Pertama : Karena adanya siksaan dan tekanan dari kaum kafir Quraisy. Begitu Rasulullah Shallallahu ‘alaihi wa sallam melakukan dakwah secara terbuka, berbagai ancaman mulai diarahkan kepada beliau Shallallahu 'alaihi wa sallam dan orang-orang beriman yang mengikutinya. Oleh karena itu, Rasulullah Shallallahu ‘alaihi wa sallam senantiasa berpikir untuk mencari perlindungan di luar Makkah. Sehingga terjadilah hijrah kaum muslimin ke Habsyah, Thaif, dan kemudian ke Madinah.

Penyebab hijrah ini, di antaranya karena penyiksaan dan penindasan kaum kafir Quraisy atas kaum muslimin. Riwayat yang menguatkan faktor ini, tersirat dalam perkataan Bilal Radhiyallahu anhu ketika ia hendak berhijrah:

اللَّهُمَّ الْعَنْ شَيْبَةَ بْنَ رَبِيعَةَ وَعُتْبَةَ بْنَ رَبِيعَةَ وَأُمَيَّةَ بْنَ خَلَفٍ كَمَا أَخْرَجُونَا مِنْ أَرْضِنَا إِلَى أَرْضِ الْوَبَاءِ

Wahai Allah ! Laknatlah Syaibah bin Rabî'ah, 'Utbah bin Rabî'ah, dan Umayyah bin Khalaf, sebagaimana mereka telah menyebabkan kami keluar dari negeri kami ke negeri derita.[1]

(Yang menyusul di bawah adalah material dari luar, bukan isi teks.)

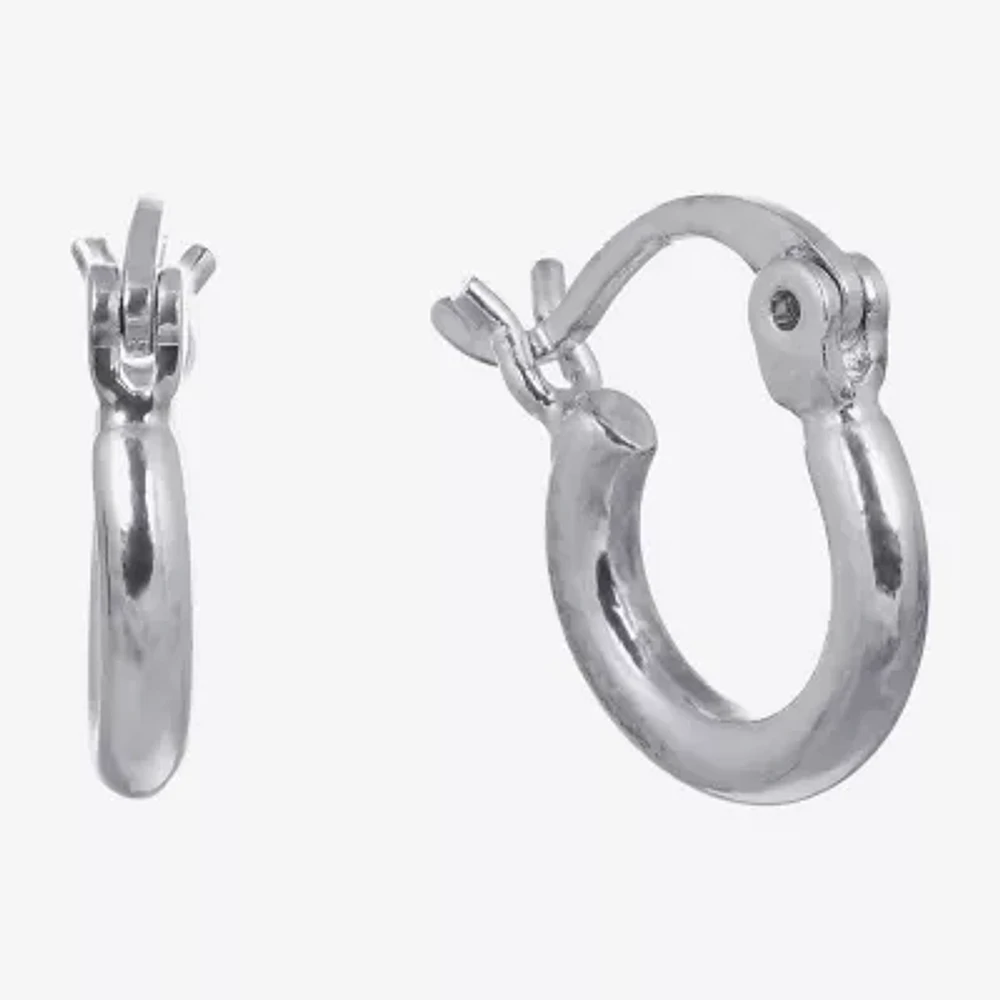 Silver Reflections Womens 10mm Hoop Earrings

Juga hadits ‘Aisyah Radhiyallahu anhuma tentang hijrahnya orang tuanya. Beliau Radhiyallahu anhuma berkata:

اسْتَأْذَنَ النَّبِيَّ صَلَّى اللهُ عَلَيْهِ وَسَلّمَ أَبُو بَكْرٍ فِي الْخُرُوجِ حِينَ اشْتَدَّ عَلَيْهِ الْأَذَى

Abu Bakr Radhiyallahu anhu meminta izin kepada Rasulullah Shallallahu ‘alaihi wa sallam untuk berhijrah, ketika penderitaannya terasa berat.[2]

Kedua :Adanya kekuatan yang akan membantu dan melindungi dakwah, sehingga memungkinkan Rasulullah Shallallahu ‘alaihi wa sallam berdakwah dengan leluasa. Hal ini sebagaimana tertuang dalam nash Bai'atul-'Aqabah kedua. Yaitu kaum Anshâr berjanji akan melindungi Rasulullah Shallallahu ‘alaihi wa sallam sebagaimana melindungi anak dan istri mereka.

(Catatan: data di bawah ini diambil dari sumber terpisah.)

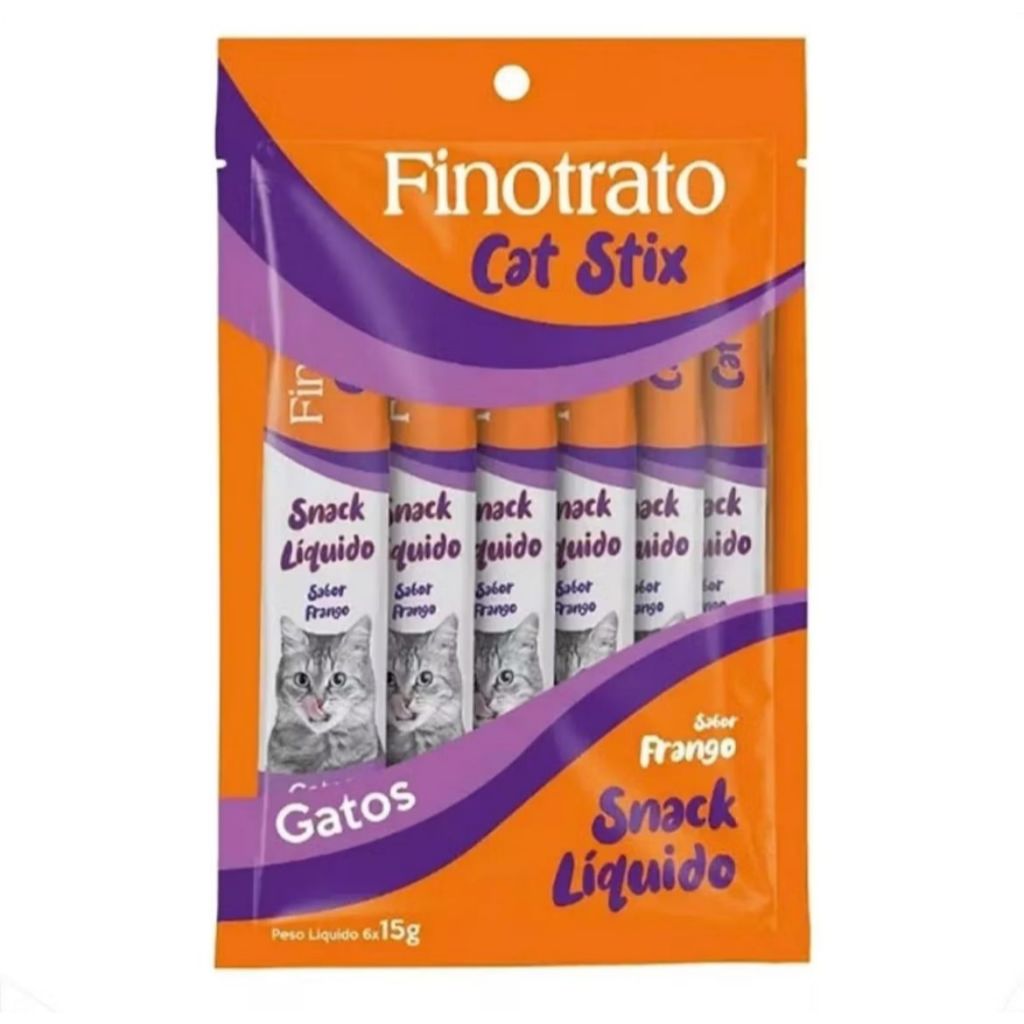 Finotrato Cat Stix Super Premium Frango - 15g - 6 unidades - TIPO CHURU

Ketiga : Para pembesar kaum Quraisy dan sebagian besar masyarakat Makkah menganggap Rasulullah Shallallahu ‘alaihi wa sallam sebagai pendusta, sehingga mereka tidak mempercayainya. Dengan kondisi seperti ini, maka beliau n ingin mendakwahkan kepada masyarakat lainnya yang mau menerimanya. Banyak dalil yang menunjukkan faktor ini, di antaranya ialah sebagaimana perkataan Sa'ad bin Mu'âdz Radhiyallahu anhu :

اللَّهُمَّ إِنَّكَ تَعْلَمُ أَنَّهُ لَيْسَ أَحَدٌ أَحَبَّ إِلَيَّ أَنْ أُجَاهِدَهُمْ فِيكَ مِنْ قَوْمٍ كَذَّبُوا رَسُولَكَ صَلَّى اللهُ عَلَيْهِ وَسَلّمَ وَأَخْرَجُوهُ

Ya Allah, sesungguhnya Engkau mengetahui, sesungguhnya tidak ada seorang pun yang lebih aku sukai untuk aku jihadi mereka karena-Mu daripada suatu kaum yang telah mendustakan Rasul-Mu dan mengusirnya.[3]

Keempat : Kaum muslimin khawatir agama mereka terfitnah. Ketika ‘Aisyah Radhiyallahu anhuma ditanya tentang hijrah, beliau Radhiyallahu anhuma berkata:

كَانَ الْمُؤْمِنُونَ يَفِرُّ أَحَدُهُمْ بِدِينِهِ إِلَى اللَّهِ تَعَالَى وَإِلَى رَسُولِهِ صَلَّى اللهُ عَلَيْهِ وَسَلّمَ مَخَافَةَ أَنْ يُفْتَنَ عَلَيْهِ

Kaum mukminun pada masa dahulu, mereka pergi membawa agama mereka menuju Allah dan Rasul-Nya karena khawatir terfitnah.[4]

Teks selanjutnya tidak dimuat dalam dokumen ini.